アルテックで仕立てた三菱・ランサーエボリューションⅨを駆り、今季はJAF全日本ダートトライアル選手権のSA・SAX2クラスでトップ3にも入る活躍を見せている、S2クラスの岡本泰成選手(DLQUCC☆おかつねランサー)。第2ヒートではCやDクラスのドライバーたちを1秒以上上回るタイムを叩き出して優勝し、ランキングトップを走る。
昨季はS2で第4戦から三連勝を果たし、ランキング2位を獲得した井上博保選手(GR福岡itzz三和DLヤリス)。2位を獲得し、岡本選手と15ポイント差のランキング2番手に上げた(左)。3位はアルテック勢の一角、小山茂樹選手(DLアルテックランサー8)が獲得してランキング3番手につけた(右)。
S2の上位3選手。左から優勝の岡本選手、2位の井上選手、3位の小山選手。

Dクラス

 Dクラスは第1ヒートで1分47秒32を刻んだ江川博選手がトップで折り返すが、第2ヒートは僅か0.02秒のタイムアップに留まってしまう。このチャンスを活かしたかったラストゼッケンの五味直樹選手だが、0.03秒差まで迫るも及ばず。江川選手が逃げ切って、今季初優勝を遂げた。

「第2ヒートはミスもあり想定していたタイムアップは出来ませんでしたが、全般的には良い手応えでした。僅差でしたが勝てて良かったです。何より同じチームで3人優勝できたのが嬉しいですね」と江川選手はチームメイトとともに挙げた勝利を喜んだ。

 S2は岡本選手、Cは岩下選手、そしてDの江川選手と、アルテック勢が中村氏の弔い合戦で3クラスを制覇した。

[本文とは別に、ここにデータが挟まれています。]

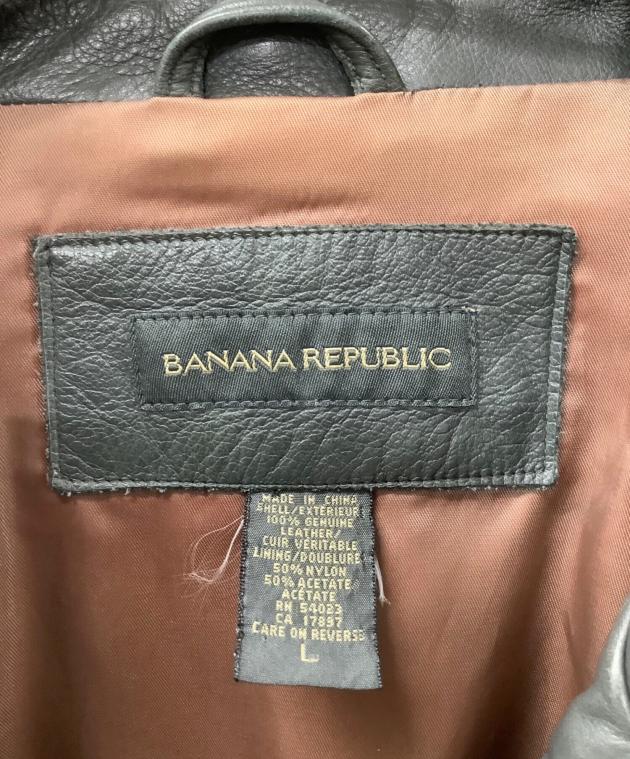 中古・古着通販】BANANA REPUBLIC (バナナリパブリック) 90Sレザー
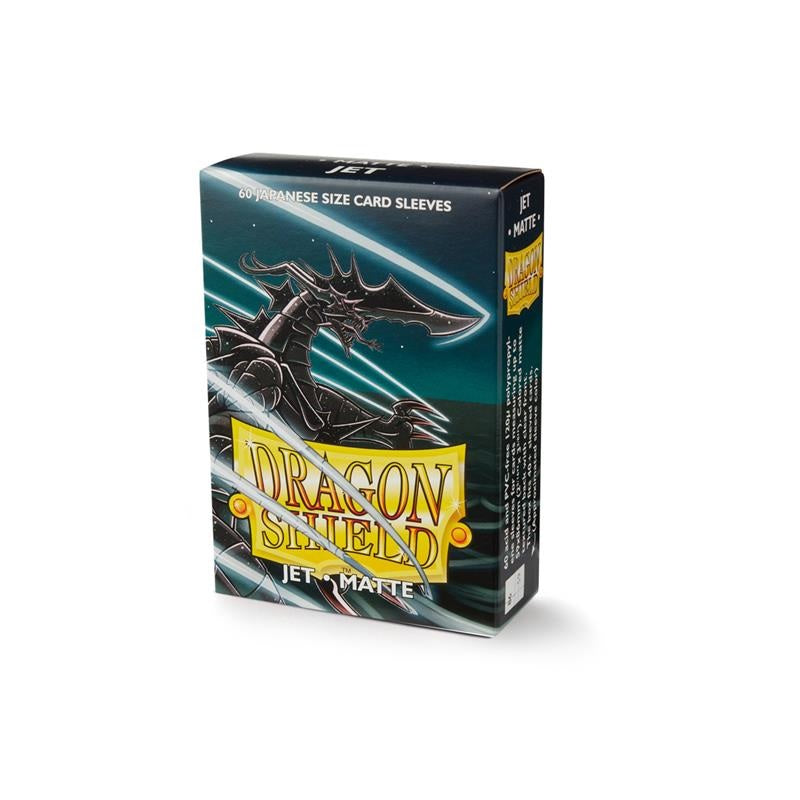 Dragon Shield Small Sleeves - Japanese Matte Jet (60 Sleeves)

アルテックで造られた、トヨタ・カローラスポーツのD車両を駆る、全日本Dクラス常連の江川博選手(DLアルテックGR福岡カローラ)が2ヒートとも制して優勝。第2戦を制している橋本和信選手を3ポイント差でかわして、ランキングトップに立った。
Dの五味直樹選手(MSHブレインズDLランサー)は第2ヒートで1分47秒台に突入するが、さらにタイムアップを果たした江川選手に0.03秒及ばず、2位を獲得(左)。モータースポーツハシモト(MSH)を営むランエボマイスター、橋本選手(MSHブレインズDLランサー)が3位を獲得。自らステアリングを握り、競技会を盛りあげる現役トップドライバーでもある(右)。
Dの上位3選手。左から優勝した江川選手、2位の五味選手、3位の橋本選手。

PN1+クラス

 PN1+クラスは第2戦の覇者、水野喜文選手が第1ヒートをトップで折り返し、さらに第2ヒートでは5秒以上のタイムアップを果たして優勝となった。

「翌週の全日本のために北海道にクルマを送ってしまったので借りたクルマで参戦です。今回も中国地区の選手にタイムは負けてしまいましたが、借り物なので丁寧に走ったのが良い結果に繋がったと思います」と振り返った水野選手は、開幕二連勝を果たした。

借りたクルマ、と言いながらも第1ヒートからトップタイムをマークしたPN1+クラスの水野喜文選手(ワンズターンSPMスイフト)。第2ヒートでは2分1秒15までタイムを上げて優勝、2021シーズンチャンピオンの速さを見せた。
ZC32S型スズキ・スイフトスポーツが多勢を占めたPN1+で、藤口裕介選手(J&S Moty’sヤリス)はトヨタ・ヤリスで孤軍奮闘し、2位を獲得(左)。第1ヒートは4番手だった平安龍司選手(OT☆YH☆SPMスイフト)が第2ヒートで5秒近くタイムを上げて3位を獲得。2戦連続でトップ3に入った(右)。
PN1+の上位3選手。左から優勝した水野選手、2位の藤口選手、3位の平安選手。

S1クラス

 S1クラスは、第1ヒートからクラスで唯一2分を切る、1分58秒台をマークした濱口雅昭選手が、第2ヒートでは1分56秒72までタイムを詰め、危なげなく開幕二連勝を達成。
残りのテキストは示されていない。